**Try it**
Starting at the line with "Канал FUN&SUN в", return every line through the final one of the data, word for word. Pictures stay out.

(Caption-style text data)
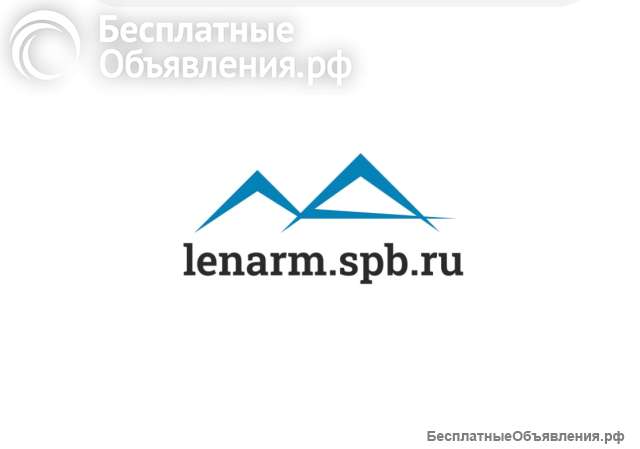 Пошив рабочей одежды; пошив спецодежды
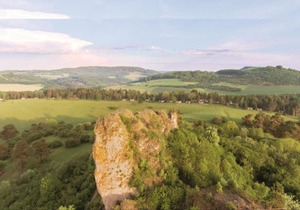 Vulkaneifel Type L-A4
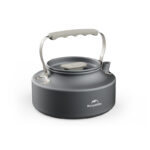 Набор посуды Naturehike 3 в 1 CNK2450CF010 — изображение 3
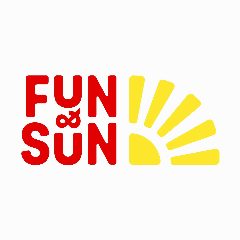 Канал FUN&SUN в мессенджере MAX — 23 754 подписчика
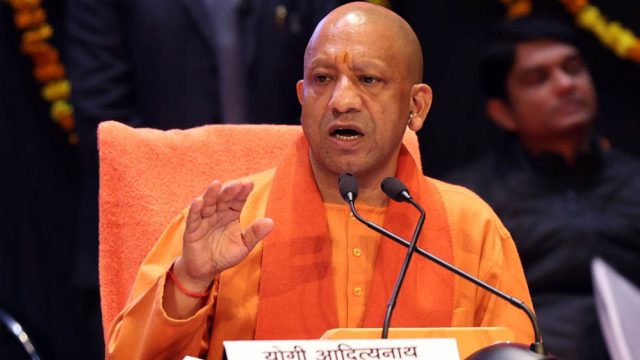 yogi_133_2-6.jpg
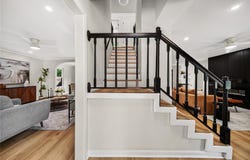 3105 Borden Rd, Austin, TX 78757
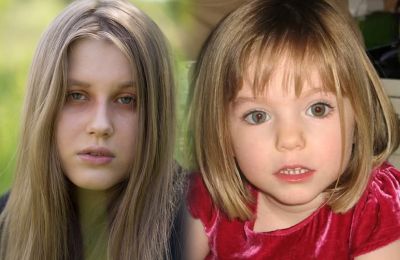 Φωτογραφία Αρχείου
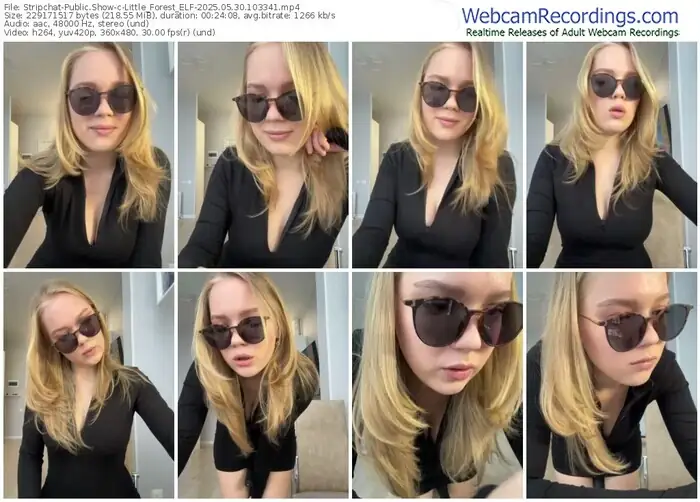 2025/05/30/stripchat-little_forest_elf-10-33-41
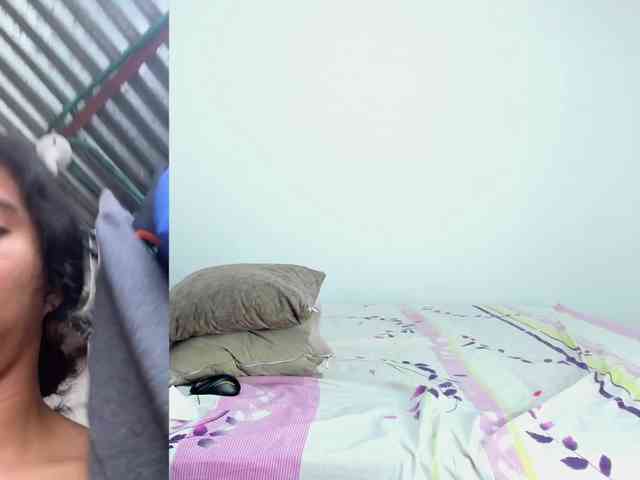 Ashleywen-d Ashleywen-d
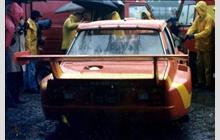 516 - Fiat-Abarth SE031 - Abarth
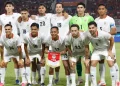 Prediksi Pemain Timor Leste vs Timnas Indonesia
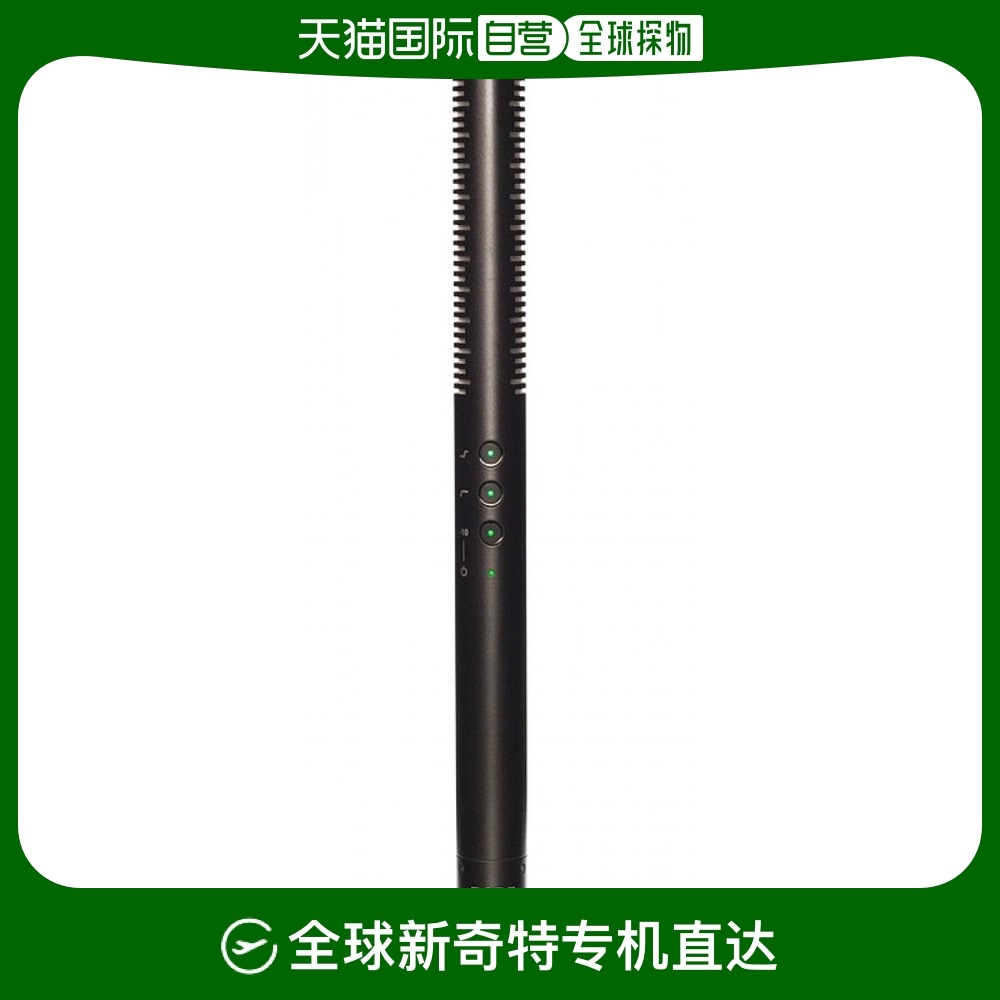 Not Specified NTG4PLUS ձֱrode޵ӰNTG4+˷Х3099.99Ԫ(88VIP 95)
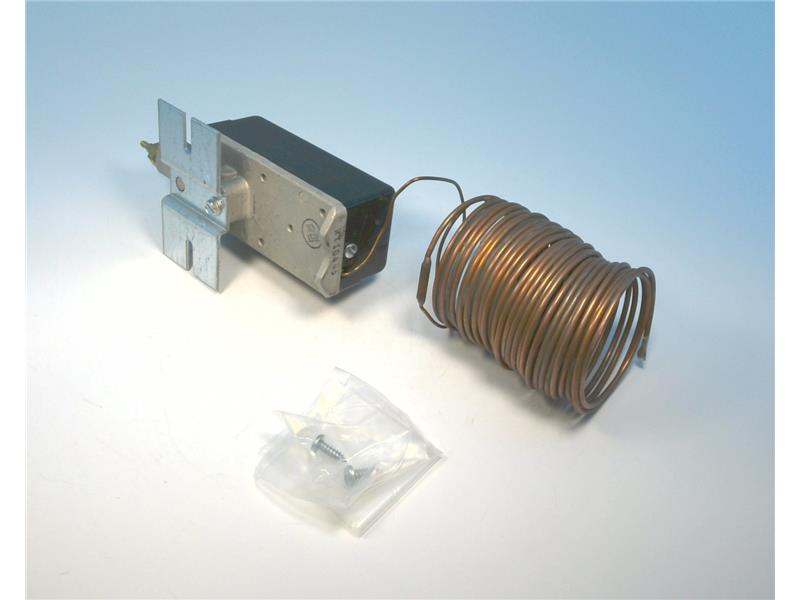 JOHNSON CONTROLS T-5210-1118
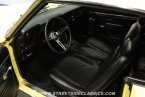Thumbnail Photo 4 for 1969 Chevrolet Camaro SS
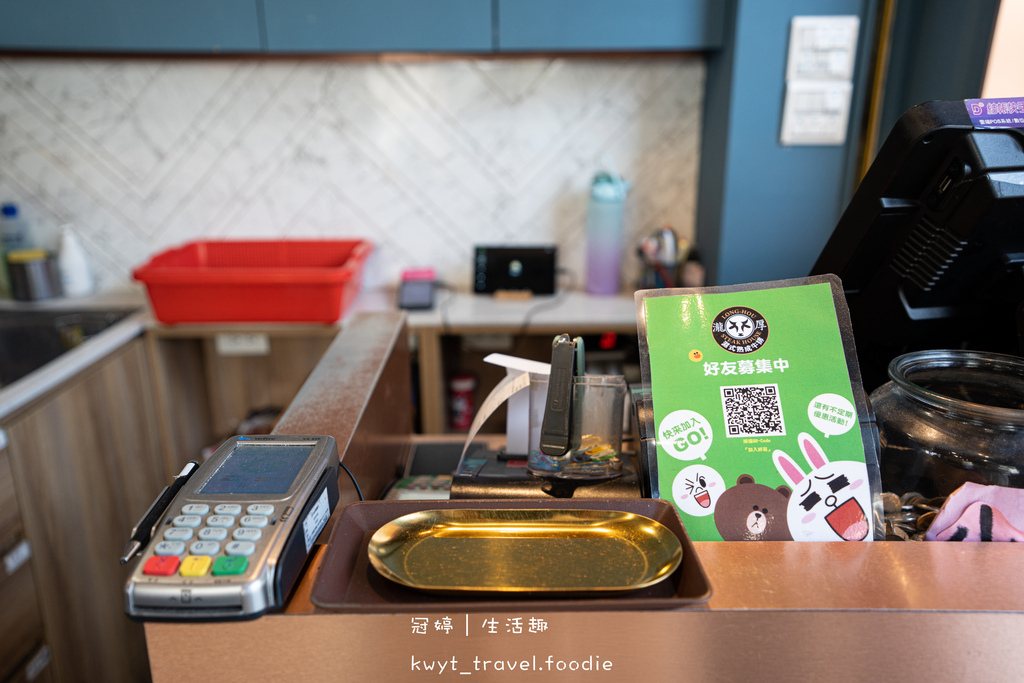 西屯聚餐餐廳推薦-瀧厚炙燒熟成牛排台中中科店-台中牛排推薦-中科聚餐推薦-7.jpg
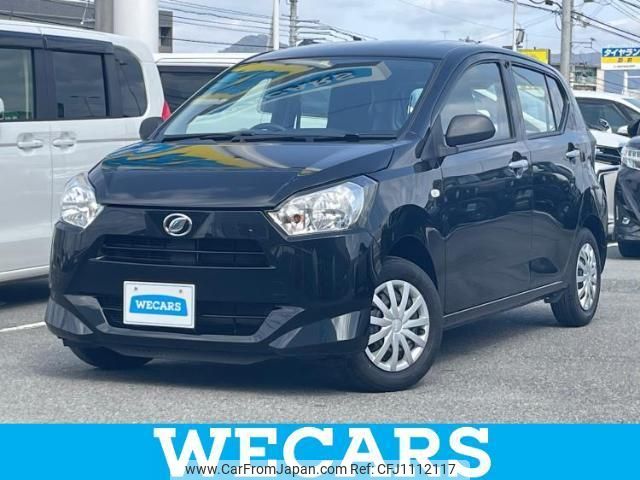 daihatsu mira-e-s 2022 quick_quick_5BA-LA350S_LA350S-0296826 image 1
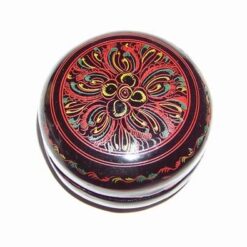 Casetuta Feng Shui maro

**The completed task**
 Канал FUN&SUN в мессенджере MAX — 23 754 подписчика
 yogi_133_2-6.jpg
 3105 Borden Rd, Austin, TX 78757
 Φωτογραφία Αρχείου
 2025/05/30/stripchat-little_forest_elf-10-33-41
 Ashleywen-d Ashleywen-d
 516 - Fiat-Abarth SE031 - Abarth
 Prediksi Pemain Timor Leste vs Timnas Indonesia
 Not Specified NTG4PLUS ձֱrode޵ӰNTG4+˷Х3099.99Ԫ(88VIP 95)
 JOHNSON CONTROLS T-5210-1118
Thumbnail Photo 4 for 1969 Chevrolet Camaro SS
 西屯聚餐餐廳推薦-瀧厚炙燒熟成牛排台中中科店-台中牛排推薦-中科聚餐推薦-7.jpg
 daihatsu mira-e-s 2022 quick_quick_5BA-LA350S_LA350S-0296826 image 1
 Casetuta Feng Shui maro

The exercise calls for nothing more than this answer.